TASK INPUTS START
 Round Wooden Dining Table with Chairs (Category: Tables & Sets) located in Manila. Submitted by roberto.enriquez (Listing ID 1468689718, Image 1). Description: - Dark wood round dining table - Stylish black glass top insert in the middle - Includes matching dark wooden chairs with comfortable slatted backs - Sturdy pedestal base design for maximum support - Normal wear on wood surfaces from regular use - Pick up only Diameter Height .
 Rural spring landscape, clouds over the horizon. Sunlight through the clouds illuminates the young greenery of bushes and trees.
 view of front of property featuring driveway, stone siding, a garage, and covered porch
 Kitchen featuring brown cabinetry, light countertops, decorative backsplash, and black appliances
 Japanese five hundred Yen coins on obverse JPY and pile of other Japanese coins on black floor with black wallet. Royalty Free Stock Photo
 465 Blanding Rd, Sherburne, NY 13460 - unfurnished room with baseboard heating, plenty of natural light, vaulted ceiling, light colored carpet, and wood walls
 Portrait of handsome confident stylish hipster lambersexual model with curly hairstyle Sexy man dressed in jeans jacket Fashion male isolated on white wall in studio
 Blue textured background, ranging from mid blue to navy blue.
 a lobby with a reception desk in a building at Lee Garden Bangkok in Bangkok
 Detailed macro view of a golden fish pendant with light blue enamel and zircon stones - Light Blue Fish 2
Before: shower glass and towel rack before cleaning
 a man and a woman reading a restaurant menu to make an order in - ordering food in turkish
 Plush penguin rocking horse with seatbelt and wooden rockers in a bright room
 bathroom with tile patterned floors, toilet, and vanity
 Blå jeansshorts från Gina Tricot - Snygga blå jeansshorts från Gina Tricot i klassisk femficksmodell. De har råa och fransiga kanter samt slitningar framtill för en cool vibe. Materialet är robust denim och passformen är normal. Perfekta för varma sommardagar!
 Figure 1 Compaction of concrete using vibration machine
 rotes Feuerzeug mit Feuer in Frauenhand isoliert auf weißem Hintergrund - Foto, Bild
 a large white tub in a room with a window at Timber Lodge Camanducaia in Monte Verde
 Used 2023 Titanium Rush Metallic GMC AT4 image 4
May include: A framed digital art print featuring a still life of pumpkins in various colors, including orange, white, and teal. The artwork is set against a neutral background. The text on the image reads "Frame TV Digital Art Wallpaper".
TASK INPUTS END
Using the entries above, work out the number of lines containing the string "glass", and supply only that number.

2